After you do the GET to start an import with Solr's DataImportHandler, you have to check a status URL, and Solr gives a response like this:

<response>
    <lst name="responseHeader">
        <int name="status">0</int>
        <int name="QTime">0</int>
    </lst>
    <lst name="initArgs">
        <lst name="defaults">
            <str name="config">jdbc.xml</str>
        </lst>
    </lst>
    <str name="command">status</str>
    <str name="status">busy</str>
    <str name="importResponse">A command is still running...</str>
    <lst name="statusMessages">
        <str name="Time Elapsed">0:0:4.545</str>
        <str name="Total Requests made to DataSource">1</str>
        <str name="Total Rows Fetched">36262</str>
        <str name="Total Documents Processed">36261</str>
        <str name="Total Documents Skipped">0</str>
        <str name="Full Dump Started">2012-07-11 09:31:03</str>
    </lst>
    <str name="WARNING">This response format is experimental.  It is likely to change in the future.</str>
</response>

And then after a while when you check the status URL, the response looks like this:

<response>
    <lst name="responseHeader">
        <int name="status">0</int>
        <int name="QTime">0</int>
    </lst>
    <lst name="initArgs">
        <lst name="defaults">
            <str name="config">jdbc.xml</str>
        </lst>
    </lst>
    <str name="command">status</str>
    <str name="status">idle</str>
    <str name="importResponse"/>
    <lst name="statusMessages">
        <str name="Total Requests made to DataSource">1</str>
        <str name="Total Rows Fetched">1000000</str>
        <str name="Total Documents Skipped">0</str>
        <str name="Full Dump Started">2012-07-11 09:23:30</str>
        <str name="">Indexing completed. Added/Updated: 1000000 documents. Deleted 0 documents.</str>
        <str name="Committed">2012-07-11 09:26:01</str>
        <str name="Total Documents Processed">1000000</str>
        <str name="Time taken">0:2:31.95</str>
    </lst>
    <str name="WARNING">This response format is experimental.  It is likely to change in the future.</str>
</response>

But when does it finish? There's no way to tell other than hitting that status URL and watching for it to change.
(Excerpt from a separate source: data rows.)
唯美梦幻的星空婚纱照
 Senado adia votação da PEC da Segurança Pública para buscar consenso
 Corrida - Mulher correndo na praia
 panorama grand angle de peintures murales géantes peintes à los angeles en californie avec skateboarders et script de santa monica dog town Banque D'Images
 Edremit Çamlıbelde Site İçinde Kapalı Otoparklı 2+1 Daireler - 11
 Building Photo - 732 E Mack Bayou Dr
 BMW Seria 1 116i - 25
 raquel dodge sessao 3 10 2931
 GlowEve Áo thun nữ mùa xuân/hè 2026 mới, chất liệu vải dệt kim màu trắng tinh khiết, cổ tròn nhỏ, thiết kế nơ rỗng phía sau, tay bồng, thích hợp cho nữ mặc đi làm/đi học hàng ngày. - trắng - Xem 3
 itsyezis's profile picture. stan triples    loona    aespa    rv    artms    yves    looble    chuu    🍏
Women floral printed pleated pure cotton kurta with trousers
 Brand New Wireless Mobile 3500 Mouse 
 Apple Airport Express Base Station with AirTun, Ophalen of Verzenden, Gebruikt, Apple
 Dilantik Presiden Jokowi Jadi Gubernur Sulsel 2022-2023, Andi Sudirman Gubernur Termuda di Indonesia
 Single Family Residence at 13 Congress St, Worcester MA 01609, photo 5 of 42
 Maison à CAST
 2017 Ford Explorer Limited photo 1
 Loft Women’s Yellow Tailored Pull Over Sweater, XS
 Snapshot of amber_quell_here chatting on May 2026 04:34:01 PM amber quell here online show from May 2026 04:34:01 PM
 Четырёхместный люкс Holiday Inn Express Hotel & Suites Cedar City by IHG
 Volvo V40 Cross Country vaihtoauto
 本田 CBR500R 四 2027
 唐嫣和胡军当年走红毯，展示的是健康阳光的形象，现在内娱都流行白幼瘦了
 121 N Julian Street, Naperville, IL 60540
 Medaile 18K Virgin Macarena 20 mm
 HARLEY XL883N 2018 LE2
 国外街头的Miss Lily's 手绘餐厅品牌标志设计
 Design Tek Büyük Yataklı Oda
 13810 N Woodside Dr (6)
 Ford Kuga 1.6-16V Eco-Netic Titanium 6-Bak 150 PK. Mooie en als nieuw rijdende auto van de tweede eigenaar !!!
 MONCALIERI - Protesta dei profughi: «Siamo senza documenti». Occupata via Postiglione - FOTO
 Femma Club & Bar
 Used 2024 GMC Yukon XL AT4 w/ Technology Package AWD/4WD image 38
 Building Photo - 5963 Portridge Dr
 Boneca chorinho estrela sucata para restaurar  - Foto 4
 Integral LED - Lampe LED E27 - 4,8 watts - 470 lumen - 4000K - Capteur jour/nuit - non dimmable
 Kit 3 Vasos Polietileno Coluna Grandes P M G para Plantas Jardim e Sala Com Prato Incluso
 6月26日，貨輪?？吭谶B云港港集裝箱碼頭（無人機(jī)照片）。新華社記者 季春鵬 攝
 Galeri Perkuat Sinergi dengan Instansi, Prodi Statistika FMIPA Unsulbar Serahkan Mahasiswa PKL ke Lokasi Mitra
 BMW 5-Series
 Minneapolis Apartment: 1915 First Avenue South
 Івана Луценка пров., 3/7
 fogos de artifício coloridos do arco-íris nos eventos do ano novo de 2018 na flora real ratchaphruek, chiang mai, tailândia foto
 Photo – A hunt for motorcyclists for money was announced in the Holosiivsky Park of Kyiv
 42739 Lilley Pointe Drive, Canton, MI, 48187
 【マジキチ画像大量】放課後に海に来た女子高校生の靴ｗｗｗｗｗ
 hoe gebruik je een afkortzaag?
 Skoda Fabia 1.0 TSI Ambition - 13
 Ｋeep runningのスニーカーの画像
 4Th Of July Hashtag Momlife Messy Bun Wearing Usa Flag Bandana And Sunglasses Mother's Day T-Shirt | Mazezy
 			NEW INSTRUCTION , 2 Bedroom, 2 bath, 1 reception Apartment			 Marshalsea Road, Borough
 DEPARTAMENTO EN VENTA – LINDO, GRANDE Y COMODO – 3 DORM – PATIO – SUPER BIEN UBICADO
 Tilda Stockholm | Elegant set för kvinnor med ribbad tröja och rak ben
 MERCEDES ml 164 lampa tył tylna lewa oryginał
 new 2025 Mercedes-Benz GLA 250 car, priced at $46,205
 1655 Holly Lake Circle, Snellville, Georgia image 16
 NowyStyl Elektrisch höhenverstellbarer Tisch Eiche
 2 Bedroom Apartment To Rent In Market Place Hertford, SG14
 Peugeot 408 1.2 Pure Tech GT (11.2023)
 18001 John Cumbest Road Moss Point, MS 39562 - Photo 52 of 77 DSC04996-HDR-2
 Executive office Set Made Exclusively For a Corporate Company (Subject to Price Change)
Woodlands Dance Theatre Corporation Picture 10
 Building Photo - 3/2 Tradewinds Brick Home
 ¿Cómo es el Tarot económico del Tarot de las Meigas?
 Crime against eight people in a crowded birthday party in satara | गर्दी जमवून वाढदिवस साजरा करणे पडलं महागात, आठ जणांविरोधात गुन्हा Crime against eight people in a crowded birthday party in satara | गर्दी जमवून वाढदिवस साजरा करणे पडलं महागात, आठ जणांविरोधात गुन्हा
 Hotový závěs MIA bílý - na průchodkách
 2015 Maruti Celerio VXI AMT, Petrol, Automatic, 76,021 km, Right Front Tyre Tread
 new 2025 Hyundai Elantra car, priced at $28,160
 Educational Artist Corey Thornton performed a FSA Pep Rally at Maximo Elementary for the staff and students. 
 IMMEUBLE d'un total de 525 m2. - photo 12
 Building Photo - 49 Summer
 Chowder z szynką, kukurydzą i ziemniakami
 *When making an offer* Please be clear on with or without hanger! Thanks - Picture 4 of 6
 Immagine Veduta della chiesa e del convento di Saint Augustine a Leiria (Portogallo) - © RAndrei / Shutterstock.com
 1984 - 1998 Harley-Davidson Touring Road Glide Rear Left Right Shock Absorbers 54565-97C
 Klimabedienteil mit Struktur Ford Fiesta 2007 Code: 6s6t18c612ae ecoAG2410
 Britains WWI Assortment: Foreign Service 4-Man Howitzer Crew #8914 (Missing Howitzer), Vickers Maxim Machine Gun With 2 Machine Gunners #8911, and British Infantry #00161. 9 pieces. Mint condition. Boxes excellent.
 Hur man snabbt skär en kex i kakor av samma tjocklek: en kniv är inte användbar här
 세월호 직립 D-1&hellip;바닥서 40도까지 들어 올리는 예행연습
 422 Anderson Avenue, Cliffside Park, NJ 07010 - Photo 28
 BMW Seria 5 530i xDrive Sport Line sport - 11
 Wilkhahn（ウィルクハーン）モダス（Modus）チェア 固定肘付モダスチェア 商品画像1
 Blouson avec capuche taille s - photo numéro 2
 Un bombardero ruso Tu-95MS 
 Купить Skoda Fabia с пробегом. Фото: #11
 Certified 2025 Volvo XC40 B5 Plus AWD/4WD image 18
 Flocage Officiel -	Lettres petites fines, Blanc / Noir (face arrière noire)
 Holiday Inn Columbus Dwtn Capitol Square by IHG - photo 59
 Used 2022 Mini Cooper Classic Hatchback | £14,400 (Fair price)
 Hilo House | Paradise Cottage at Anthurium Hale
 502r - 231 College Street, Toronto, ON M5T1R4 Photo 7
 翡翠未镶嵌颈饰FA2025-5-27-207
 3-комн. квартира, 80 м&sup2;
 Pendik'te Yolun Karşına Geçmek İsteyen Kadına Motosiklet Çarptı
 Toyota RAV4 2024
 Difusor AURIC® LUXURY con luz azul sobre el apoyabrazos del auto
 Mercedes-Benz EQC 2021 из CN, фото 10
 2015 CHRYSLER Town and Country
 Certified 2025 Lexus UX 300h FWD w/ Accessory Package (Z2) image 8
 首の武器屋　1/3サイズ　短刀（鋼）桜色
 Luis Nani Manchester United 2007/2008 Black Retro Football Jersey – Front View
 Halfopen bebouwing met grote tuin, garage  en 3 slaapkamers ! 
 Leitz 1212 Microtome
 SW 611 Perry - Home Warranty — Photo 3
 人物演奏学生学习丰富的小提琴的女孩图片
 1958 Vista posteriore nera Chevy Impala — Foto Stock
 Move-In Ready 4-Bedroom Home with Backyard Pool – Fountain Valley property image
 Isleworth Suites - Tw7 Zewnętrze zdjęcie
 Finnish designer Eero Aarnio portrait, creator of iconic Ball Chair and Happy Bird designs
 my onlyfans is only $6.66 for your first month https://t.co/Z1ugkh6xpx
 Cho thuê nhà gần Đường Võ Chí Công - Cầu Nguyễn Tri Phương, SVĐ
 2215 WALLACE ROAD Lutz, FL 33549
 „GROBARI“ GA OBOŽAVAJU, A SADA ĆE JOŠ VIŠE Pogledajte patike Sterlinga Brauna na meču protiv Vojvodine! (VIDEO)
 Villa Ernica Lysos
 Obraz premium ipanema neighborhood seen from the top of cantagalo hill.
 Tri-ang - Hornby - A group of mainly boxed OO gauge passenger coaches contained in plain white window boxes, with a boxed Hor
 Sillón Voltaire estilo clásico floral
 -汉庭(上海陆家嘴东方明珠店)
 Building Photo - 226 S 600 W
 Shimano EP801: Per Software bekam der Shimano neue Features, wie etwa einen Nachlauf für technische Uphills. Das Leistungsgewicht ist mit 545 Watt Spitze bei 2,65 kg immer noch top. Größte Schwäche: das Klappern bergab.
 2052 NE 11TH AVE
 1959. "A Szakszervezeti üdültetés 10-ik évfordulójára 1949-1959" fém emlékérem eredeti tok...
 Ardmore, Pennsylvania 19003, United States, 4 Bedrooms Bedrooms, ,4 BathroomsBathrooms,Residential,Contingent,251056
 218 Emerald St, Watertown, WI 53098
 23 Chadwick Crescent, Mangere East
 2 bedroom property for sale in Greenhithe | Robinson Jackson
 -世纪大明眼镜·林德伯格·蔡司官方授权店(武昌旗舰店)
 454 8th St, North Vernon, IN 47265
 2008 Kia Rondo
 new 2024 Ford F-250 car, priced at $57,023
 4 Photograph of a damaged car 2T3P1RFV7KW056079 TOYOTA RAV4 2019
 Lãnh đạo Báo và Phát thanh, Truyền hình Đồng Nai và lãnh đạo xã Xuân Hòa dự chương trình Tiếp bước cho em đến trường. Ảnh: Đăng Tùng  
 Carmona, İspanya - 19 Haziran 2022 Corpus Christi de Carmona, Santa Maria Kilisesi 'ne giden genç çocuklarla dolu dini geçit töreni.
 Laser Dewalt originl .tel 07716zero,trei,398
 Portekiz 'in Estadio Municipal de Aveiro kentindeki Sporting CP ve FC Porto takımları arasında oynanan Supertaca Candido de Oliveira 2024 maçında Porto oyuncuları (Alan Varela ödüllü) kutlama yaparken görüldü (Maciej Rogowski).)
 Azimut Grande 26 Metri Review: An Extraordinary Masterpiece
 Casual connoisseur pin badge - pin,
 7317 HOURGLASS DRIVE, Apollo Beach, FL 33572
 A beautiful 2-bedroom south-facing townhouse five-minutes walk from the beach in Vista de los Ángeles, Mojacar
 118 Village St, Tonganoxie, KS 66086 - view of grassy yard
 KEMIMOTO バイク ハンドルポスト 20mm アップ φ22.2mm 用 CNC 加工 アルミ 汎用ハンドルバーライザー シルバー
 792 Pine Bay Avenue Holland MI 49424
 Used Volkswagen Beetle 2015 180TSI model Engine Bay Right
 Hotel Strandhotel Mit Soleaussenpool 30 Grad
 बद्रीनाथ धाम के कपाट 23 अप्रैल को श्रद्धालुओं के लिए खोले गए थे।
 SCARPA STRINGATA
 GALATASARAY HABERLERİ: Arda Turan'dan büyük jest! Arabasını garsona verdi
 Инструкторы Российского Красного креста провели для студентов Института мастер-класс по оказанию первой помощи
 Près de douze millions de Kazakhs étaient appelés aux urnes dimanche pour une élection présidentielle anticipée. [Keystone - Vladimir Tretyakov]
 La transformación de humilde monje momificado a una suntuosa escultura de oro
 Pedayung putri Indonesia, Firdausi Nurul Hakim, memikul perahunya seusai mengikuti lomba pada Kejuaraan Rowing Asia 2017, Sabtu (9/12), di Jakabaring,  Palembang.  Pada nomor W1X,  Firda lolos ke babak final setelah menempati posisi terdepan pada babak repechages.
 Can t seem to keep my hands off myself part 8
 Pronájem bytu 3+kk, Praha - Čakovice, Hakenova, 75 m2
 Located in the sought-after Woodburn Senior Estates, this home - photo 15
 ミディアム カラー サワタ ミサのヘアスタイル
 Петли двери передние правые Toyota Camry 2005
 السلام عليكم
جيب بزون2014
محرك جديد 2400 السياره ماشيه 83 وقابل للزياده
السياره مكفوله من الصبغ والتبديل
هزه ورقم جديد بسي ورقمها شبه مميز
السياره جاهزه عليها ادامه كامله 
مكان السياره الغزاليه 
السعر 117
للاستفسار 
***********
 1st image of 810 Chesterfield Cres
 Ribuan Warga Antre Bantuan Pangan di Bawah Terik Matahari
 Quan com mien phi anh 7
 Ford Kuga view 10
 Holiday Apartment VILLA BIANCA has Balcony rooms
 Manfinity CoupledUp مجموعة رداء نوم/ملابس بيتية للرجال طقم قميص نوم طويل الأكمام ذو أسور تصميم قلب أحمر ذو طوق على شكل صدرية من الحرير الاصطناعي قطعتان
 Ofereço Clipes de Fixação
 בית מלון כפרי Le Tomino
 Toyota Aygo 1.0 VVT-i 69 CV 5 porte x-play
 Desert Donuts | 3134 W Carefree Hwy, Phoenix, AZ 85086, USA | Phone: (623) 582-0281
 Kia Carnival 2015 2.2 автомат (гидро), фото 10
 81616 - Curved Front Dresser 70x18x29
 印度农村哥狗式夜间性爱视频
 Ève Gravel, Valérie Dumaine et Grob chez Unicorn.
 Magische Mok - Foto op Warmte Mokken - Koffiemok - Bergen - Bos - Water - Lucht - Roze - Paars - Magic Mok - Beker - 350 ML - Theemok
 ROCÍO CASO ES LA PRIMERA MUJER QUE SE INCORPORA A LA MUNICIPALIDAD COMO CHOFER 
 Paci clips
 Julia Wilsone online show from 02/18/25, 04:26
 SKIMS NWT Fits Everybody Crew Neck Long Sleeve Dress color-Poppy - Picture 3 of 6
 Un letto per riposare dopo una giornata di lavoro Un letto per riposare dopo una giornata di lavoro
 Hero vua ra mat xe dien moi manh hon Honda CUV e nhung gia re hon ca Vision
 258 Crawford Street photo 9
I needed a tool to tell me when importing had finished, so I could use it in my makefile. It just has to check the status until it's completed, and then exit.

So, I wrote a little program to do the monitoring, using Ruby and the Nokogiri library. Nokogiri is a web client similar to Perl's WWW::Mechanize, with built-in XPath and CSS selector capabilities.

#!/usr/bin/ruby

require 'rubygems'
require 'nokogiri'
require 'open-uri'

while true
    doc = Nokogiri::XML( open( 'http://hostname:8080/solr/db/dih?command=status' ) )

    # If it's still running, this status will say something like "A process is still running..."
    # The status turns blank when the process has stopped.
    status = doc.xpath( '//response/str[@name="importResponse"]' ).inner_text
    if ( status == '' )
        break
    end

    # Get the import process's elapsed time and record count and display then
    time_elapsed   = doc.xpath( '//response/lst[@name = "statusMessages"]/str[@name = "Time Elapsed"]' ).inner_text
    docs_processed = doc.xpath( '//response/lst[@name = "statusMessages"]/str[@name = "Total Documents Processed"]' ).inner_text
    puts docs_processed + ' documents in ' + time_elapsed + ' seconds'

    sleep(2)
end

I'm not much of a Ruby guy, but this was pretty simple to write. Most of my time was looking at Nokogiri's method listings and reacquainting myself with XPath syntax. The one Ruby gotcha I found was that before Ruby 1.9, if your program uses any Ruby gems, you have to put require 'rubygems' before you require any other gems.